Question

A spherical balloon is expanding. Given that the radius is increasing at the rate of 2 inches per minute, at what rate is the volume increasing when the radius is 5 inches?

Answer 1

ok... so you need

\[\frac{dV}{dt} = \frac{dV}{dr} \times \frac{dr}{dt}\]

if

\[V = \frac{4}{3} \pi r^3\]

what is

\[\frac{dV}{dr} = ?\]

Answer 2

and you are given \[\frac{dr}{dt} = 2\]

so \[\frac{dV}{dt} = \frac{dV}{dr} \times 2\]

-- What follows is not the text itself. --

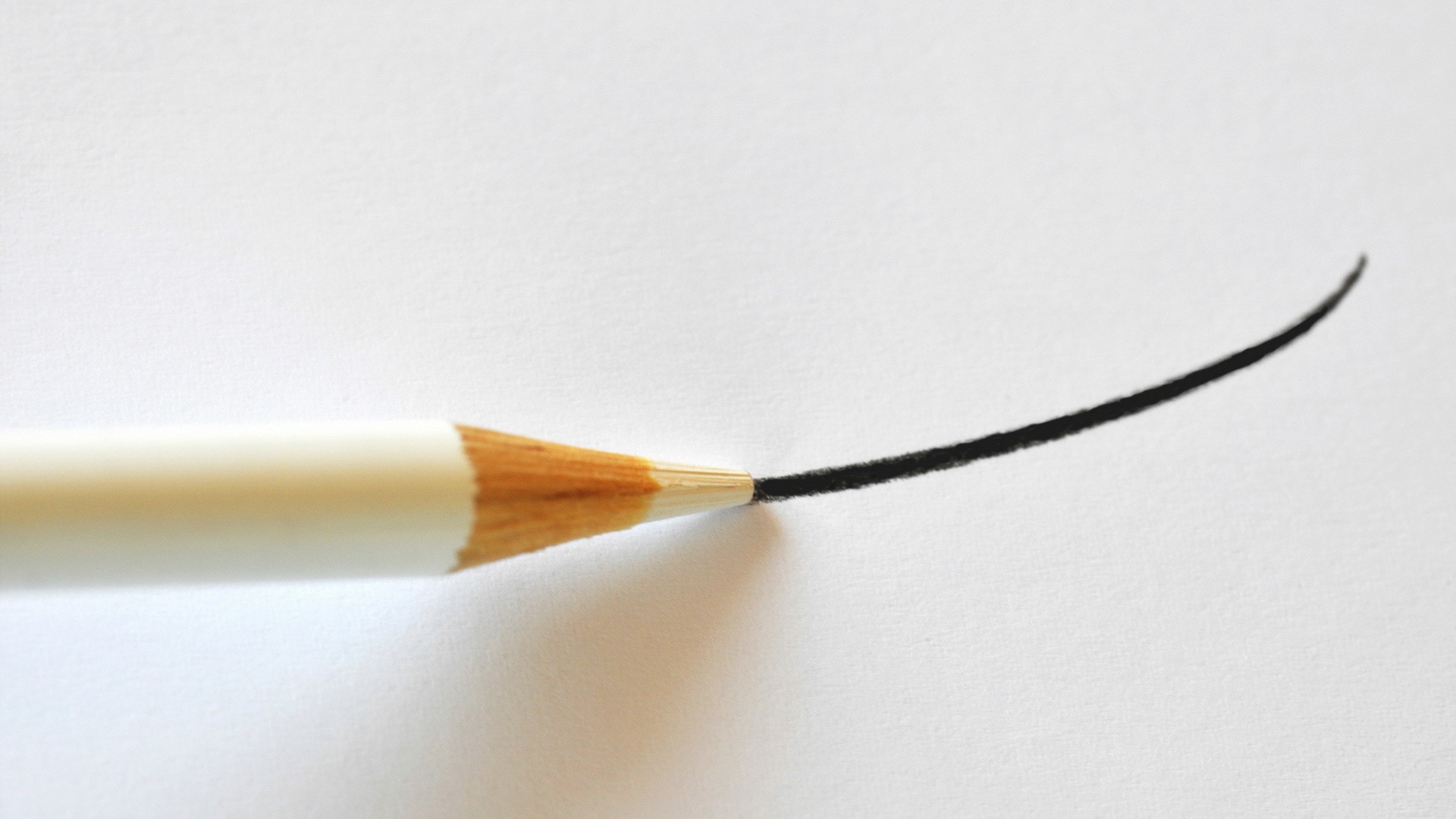 Белый карандаш рисует черную линию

just substitute r =5 for find the rate at which the volume is changing with respect to time

Answer 3

SO IS DV/DR=4pir^2?

Answer 4

thats correct

so

\[\frac{dV}{dt} = 4\pi r^2 \times 2\]

now substitute r = 5

and the units for the rate are cubic inches per minute

Answer 5

where do i substitute the 5....

Answer 6

replace r with 5

Answer 7

so you are looking at

\[\frac{dV}{dt} = 4 \pi (5)^2 \times 2\]

Answer 8

4pi50

Answer 9

do i multiply 4*50?

Answer 10

well \[\frac{dV}{dt} = 4 \times \pi \times 25 \times 2 = 200\pi\]

Answer 11

okay! so is the answer left as 200pi?

Answer 12

cubic inches per minute?

Answer 13

yep... thats my best guess

Answer 14

thank you!